Sebagai gantinya, Yance usulkan Bab 3 UUD 1945 yang mengatur tentang HAM, sebagai landasan konstitusional pengakuan dan perlindungan masyarakat adat.
“Jadi pendekatannya ke depan harus digeser, bukan lagi pendekatan politik, tapi pelayanan administrasi kepada warga negara. Itu bisa dilakukan dengan andaikan pencatatan masyarakat adat dengan registrasi. Bukan lagi dengan Perda atau SK. Saya bayangkan (registrasi) masyarakat adat seperti data KTP, itu self identification.”
Erasmus Cahyadi, Deputi II Sekjen bidang Advokasi dan Politik Aliansi Masyarakat Adat Nusantara (AMAN), meminta prosedur pengakuan masyarakat adat yang bersifat administratif dan sederhana tetapi proses itu harus akuntabel dan mengacu deklarasi PBB tentang masyarakat adat.
“Prinsip pertamanya, self identification. Tapi tidak berdiri sendiri, selalu diikuti prinsip lain yaitu identification by others. Itulah yang kita terjemahkan sebagai verifikasi. Tapi perlu kita bahas bagaimana mekanismenya.”
Dia bilang, RUU harus jadi pengakuan dan perlindungan hak atas tanah, sumber daya alam dan hutan sebagai norma fundamental. Tanpa itu, persoalan yang masyarakat adat hadapi tidak akan terselesaikan.
“Jadi apa yang tidak boleh tidak ada di UU masyarakat, dipertemukan dengan kepentingan-kepentingan investasi misalnya. Titik jumpanya di mana, itu yang harus disepakati,” kata Erasmus.

Tekankan pengakuan
Siti Rahmah, perwakilan Koalisi Kawal RUU Masyarakat Adat menyatakan, diskursus pengakuan harus tetap jadi norma penting dalam RUU. Bagi dia, tanpa pengakuan tidak akan pernah ada perlindungan pada masyarakat adat.

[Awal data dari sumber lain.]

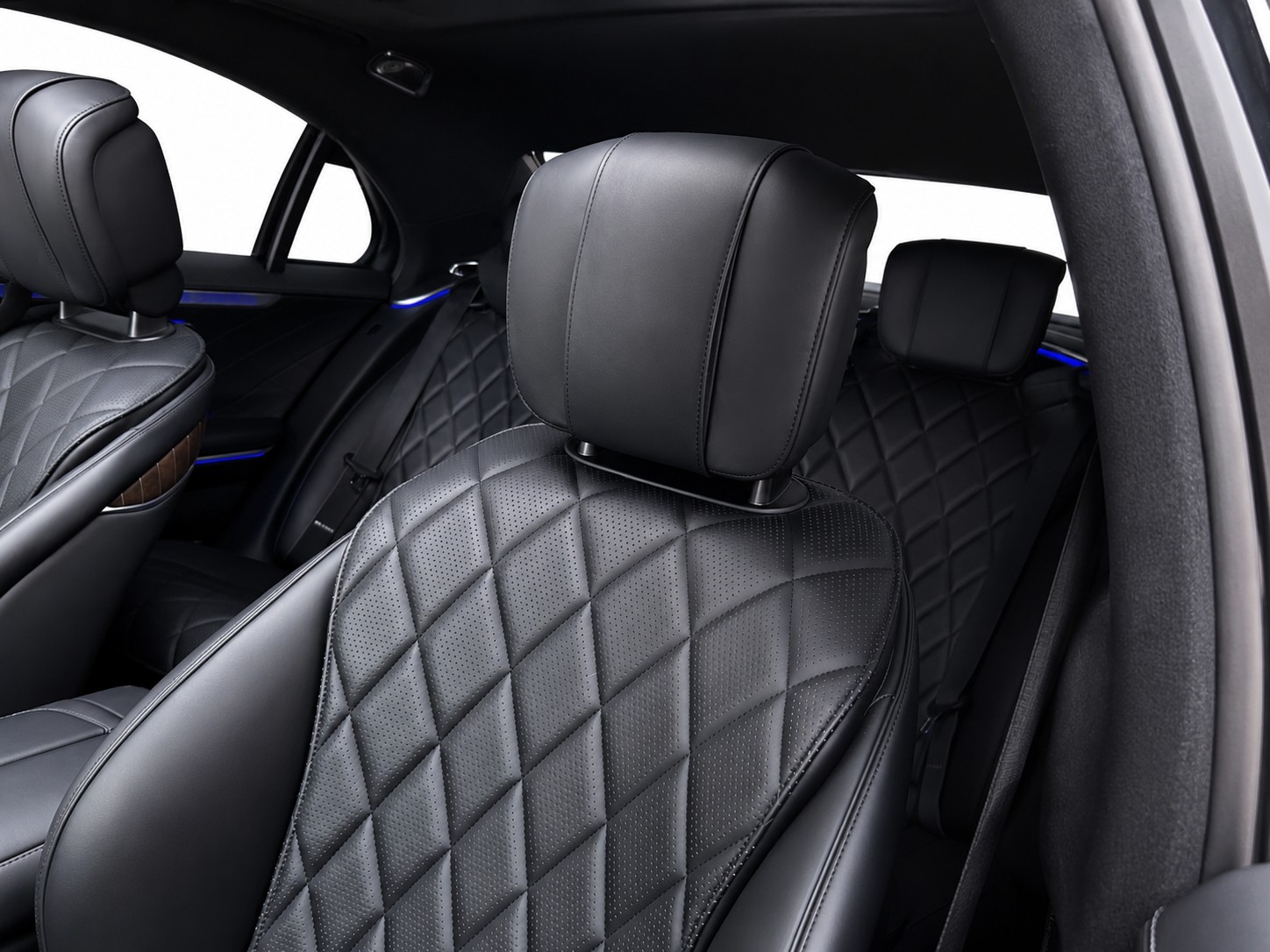 MERCEDES-BENZ S 580 V8 AMG Line 4matic CH FAHRZEUG-image-10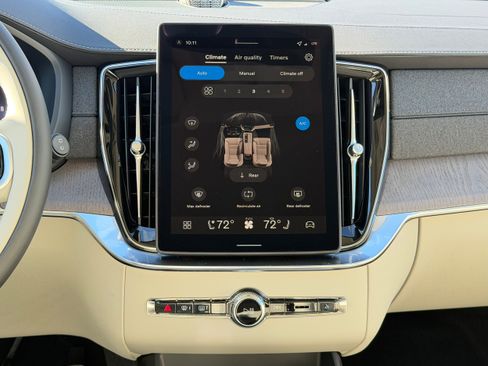 New 2026 Volvo XC90 B6 Ultra w/ Lounge Package AWD/4WD image 13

Selain itu, tanpa pengakuan, masyarakat adat akan terus dianggap ilegal hidup di tanahnya sendiri. Dampaknya, mereka rentan intimidasi, konflik, hingga perampasan ruang hidup dan hutan adatnya.
“Itulah sebabnya Koalisi Kawal RUU Masyarakat Adat jadikan pengakuan sebagai bagian penting dalam draf RUU versi koalisi,” katanya.
Hal lain yang penting dalam RUU adalah restitusi, kompensasi dan rehabilitasi. Selama ini, banyak pelanggaran terhadap hak masyarakat adat yang menimbulkan kerugian moril dan materil yang tidak terhingga. Negara, katanya, harus mengakui kesalahan itu dan kembalikan hak-hak masyarakat adat.
Meski demikian, usulan mempermudah proses pengaukan masyarakat adat telah sesuai dengan draf RUU versi koalisi. Draf itu, katanya, telah mengatur identifikasi diri oleh masyarakat adat dan tata cara pengakuan yang lebih mudah, sebagai anti-tesis pengakuan yang rumit dan top-down.
“Usulan dari pak Yance itu menarik dan tidak banyak kontradiksi dengan yang ada di naskah (RUU versi koalisi), cuma itu ada di level teknis. Kalau ada perubahan sedikit di naskah, kami bersedia mendiskusikannya. Demikian juga dengan naskah akademik (versi koalisi), bisa diutak-atik lagi.”